Unfortunately, sometimes a dispute arises between you and a homeowner with whom you contracted to perform work. His or her failure to properly pay you constitutes the dispute that occurs most often.
The Florida Department of Business & Professional Regulation advises that you can file a construction lien on the home in the event such a situation arises and your contract price was $2,500 or more.

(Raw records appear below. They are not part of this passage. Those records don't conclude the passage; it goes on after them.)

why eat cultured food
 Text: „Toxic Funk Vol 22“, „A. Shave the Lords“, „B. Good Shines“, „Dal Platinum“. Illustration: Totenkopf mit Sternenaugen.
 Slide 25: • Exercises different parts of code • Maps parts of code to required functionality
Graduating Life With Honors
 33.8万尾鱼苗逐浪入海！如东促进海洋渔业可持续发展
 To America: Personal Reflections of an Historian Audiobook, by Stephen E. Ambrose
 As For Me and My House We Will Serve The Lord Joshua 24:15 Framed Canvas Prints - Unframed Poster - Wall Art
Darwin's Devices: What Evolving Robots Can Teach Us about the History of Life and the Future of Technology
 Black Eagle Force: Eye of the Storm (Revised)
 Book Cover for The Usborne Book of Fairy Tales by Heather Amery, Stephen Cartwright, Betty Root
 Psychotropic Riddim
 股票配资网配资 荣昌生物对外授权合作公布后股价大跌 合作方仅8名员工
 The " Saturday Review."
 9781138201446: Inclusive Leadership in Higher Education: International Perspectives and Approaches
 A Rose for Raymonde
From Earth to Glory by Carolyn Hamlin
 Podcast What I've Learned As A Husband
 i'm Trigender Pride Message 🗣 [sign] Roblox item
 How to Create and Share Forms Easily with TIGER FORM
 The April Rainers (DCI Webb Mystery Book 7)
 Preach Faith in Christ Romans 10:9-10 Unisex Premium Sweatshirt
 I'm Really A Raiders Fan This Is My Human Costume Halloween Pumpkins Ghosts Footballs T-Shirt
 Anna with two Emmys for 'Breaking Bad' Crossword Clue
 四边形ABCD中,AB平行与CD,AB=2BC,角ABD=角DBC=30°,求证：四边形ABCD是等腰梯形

Obtaining a Notice of Commitment
At the time you obtain your building permit from the appropriate city or county, you should likewise obtain a Notice of Commitment, the document that gives you a legal right to file a lien if such becomes necessary. You then need to file or record the Notice with the clerk of the circuit court in the county where the work will take place. Thereafter, you should post a copy of it and your building permit on your job site.
Notifying the homeowner
Assuming that you need to file a lien due to the homeowner’s failure to make required periodic payments, you need to provide the homeowner with a Notice to Owner that includes the following:
- Your name and address
- A description of the job site property
- The nature of the work you performed
- The materials you furnished
Ideally, you should give this Notice to the homeowner before you file your lien. You must, in any event, give it to him or her within 45 days after you file your lien.
Enforcing your lien
Your lien remains effective for one year or until you sue the homeowner for enforcement, whichever comes first. If the homeowner wishes to contest your lien, he or she must file a Notice of Contest of Lien. In the event he or she does so, you must file your lawsuit no later than 60 days thereafter in order to preserve the validity of your lien.